Please go over the material below and count each line with the string "French", giving only the total.

*DATA FOR THIS EXERCISE*.
——
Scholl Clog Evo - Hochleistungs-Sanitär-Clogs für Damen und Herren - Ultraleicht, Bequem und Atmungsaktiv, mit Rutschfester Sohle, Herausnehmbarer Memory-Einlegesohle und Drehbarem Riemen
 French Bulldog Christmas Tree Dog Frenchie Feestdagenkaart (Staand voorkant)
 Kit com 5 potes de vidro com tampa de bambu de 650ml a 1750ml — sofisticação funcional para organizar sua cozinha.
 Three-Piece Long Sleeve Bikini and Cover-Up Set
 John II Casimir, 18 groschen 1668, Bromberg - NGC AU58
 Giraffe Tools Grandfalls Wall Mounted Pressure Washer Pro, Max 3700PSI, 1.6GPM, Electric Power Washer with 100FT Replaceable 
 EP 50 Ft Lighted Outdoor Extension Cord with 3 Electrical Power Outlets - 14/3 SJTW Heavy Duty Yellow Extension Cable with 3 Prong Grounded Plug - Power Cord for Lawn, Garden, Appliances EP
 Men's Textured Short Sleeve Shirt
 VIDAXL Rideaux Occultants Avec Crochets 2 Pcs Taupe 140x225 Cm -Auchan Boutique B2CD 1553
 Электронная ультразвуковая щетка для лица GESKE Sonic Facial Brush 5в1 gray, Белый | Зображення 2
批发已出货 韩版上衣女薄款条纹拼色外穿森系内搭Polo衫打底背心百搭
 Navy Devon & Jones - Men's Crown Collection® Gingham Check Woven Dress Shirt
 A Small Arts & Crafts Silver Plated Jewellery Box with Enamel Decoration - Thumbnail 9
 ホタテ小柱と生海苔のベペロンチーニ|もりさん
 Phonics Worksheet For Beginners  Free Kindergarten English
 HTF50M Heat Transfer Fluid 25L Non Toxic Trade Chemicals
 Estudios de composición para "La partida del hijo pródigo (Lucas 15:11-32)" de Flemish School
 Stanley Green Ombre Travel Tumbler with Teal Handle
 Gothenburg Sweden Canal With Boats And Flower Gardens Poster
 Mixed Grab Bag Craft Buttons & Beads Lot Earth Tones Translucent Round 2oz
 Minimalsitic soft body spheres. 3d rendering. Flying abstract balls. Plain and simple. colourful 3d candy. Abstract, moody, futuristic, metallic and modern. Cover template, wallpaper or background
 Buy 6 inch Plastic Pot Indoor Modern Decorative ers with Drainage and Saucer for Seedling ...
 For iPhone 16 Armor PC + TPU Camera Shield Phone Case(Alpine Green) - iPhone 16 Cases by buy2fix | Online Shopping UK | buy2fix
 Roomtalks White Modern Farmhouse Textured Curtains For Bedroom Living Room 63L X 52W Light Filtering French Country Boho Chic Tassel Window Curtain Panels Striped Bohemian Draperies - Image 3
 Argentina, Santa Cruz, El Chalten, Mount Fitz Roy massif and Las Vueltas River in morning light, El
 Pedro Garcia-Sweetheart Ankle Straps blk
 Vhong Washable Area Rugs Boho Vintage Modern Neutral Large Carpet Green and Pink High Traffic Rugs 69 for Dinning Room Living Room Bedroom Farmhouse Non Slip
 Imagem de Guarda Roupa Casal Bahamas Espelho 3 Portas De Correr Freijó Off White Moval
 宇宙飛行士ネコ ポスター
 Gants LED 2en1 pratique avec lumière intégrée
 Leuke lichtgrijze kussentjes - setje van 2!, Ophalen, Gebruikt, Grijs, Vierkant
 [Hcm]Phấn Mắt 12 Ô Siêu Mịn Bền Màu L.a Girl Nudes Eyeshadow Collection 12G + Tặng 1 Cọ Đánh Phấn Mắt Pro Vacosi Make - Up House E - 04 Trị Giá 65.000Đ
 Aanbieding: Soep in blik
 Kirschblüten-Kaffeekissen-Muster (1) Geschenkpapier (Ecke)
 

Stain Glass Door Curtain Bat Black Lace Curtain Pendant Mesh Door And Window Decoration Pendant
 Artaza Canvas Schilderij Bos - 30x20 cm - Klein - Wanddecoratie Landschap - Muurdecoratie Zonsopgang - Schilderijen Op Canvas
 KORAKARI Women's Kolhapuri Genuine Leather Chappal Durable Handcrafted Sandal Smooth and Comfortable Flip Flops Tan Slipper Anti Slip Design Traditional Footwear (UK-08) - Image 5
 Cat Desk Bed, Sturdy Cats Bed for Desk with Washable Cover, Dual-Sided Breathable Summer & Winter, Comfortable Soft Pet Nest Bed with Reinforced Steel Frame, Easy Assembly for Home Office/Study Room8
——
*EXERCISE SOLUTION*. 2